The Guardian worked for a few years to develop its membership plan. In announcing it, Alan Rusbridger, the paper’s editor-in-chief, recounted a discussion with readers at a large Guardian event: “Most readers said they would happily contribute money to the ‘cause’ of the Guardian — but an overwhelming majority also wanted the journalism to be free, so that it could reach the maximum possible audience. A fair number were happy to be subscribers, but the most hands shot up when asked if they would like to be ‘members’.” The Guardian offers three levels of membership — friend for free, partner for £15 a month, and patron for £60 a month with varying benefits, featuring discounts and priority booking to events in new space near the paper’s London headquarters.

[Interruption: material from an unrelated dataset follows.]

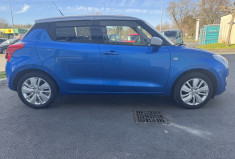 Suzuki SWIFT 1.2 Dualjet 90ch Privilège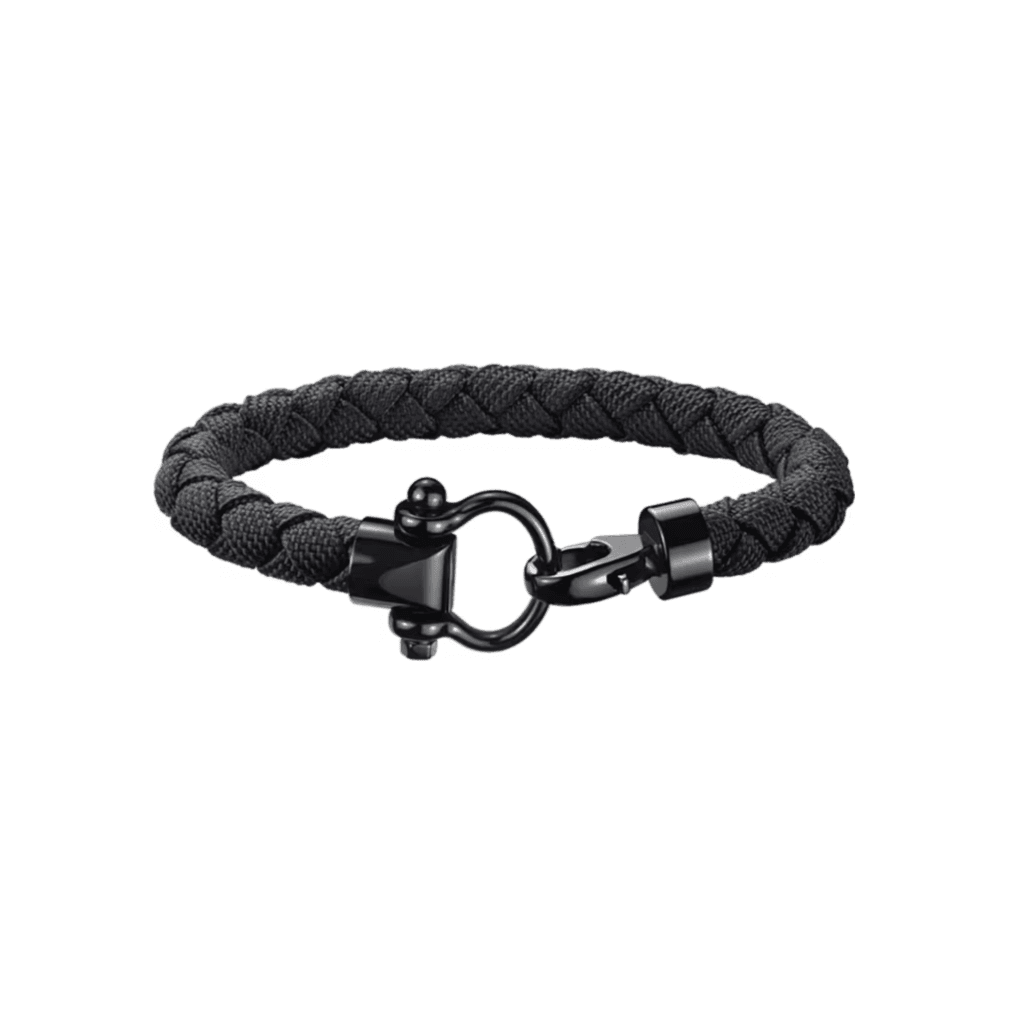 OMEGA Sailing Bracelet armband nylon - BA05CW0000204 - #1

I think membership can develop a richer definition around the idea of joining a cause and helping it succeed.

At CUNY, I get to brainstorm new revenue opportunities with our students: Youyoung Lee developed a platform called Gourmeet for people to organize and pay for dinner parties with friends and strangers (if you were to start a newspaper food section today, wouldn’t you want to help readers do what they want to do: cook and eat?). Brianne Garcia worked on turning the fundamental marketing relationship on its head, enabling a customer to say what she wants so marketers could come to her and compete for her business. At Informerly, Ranjan Roy and his cofounder are building an impressive business delivering personalized news feeds to executives. They started with customized email newsletters and found that with the right data about users and the right content in return, they could increase the open rate for email newsletters to an astounding 70 percent. At the Tow-Knight Center, we are publishing research on best practices for revenue — advertising products and sales, events, membership, and print — for small-scale sites. Companies old and new, big and small, as well as universities need much more experimentation with revenue and business models built around more than just the tried-and-true: charging readers for access to content and charging advertisers for access to readers. Slate’s editor at large David Plotz tweeted 71 ways for digital media to make money and then, in his 72nd tweet, asked, “What did I miss?” I’ll ask the same question as we challenge a few more fundamental assumptions about the news business.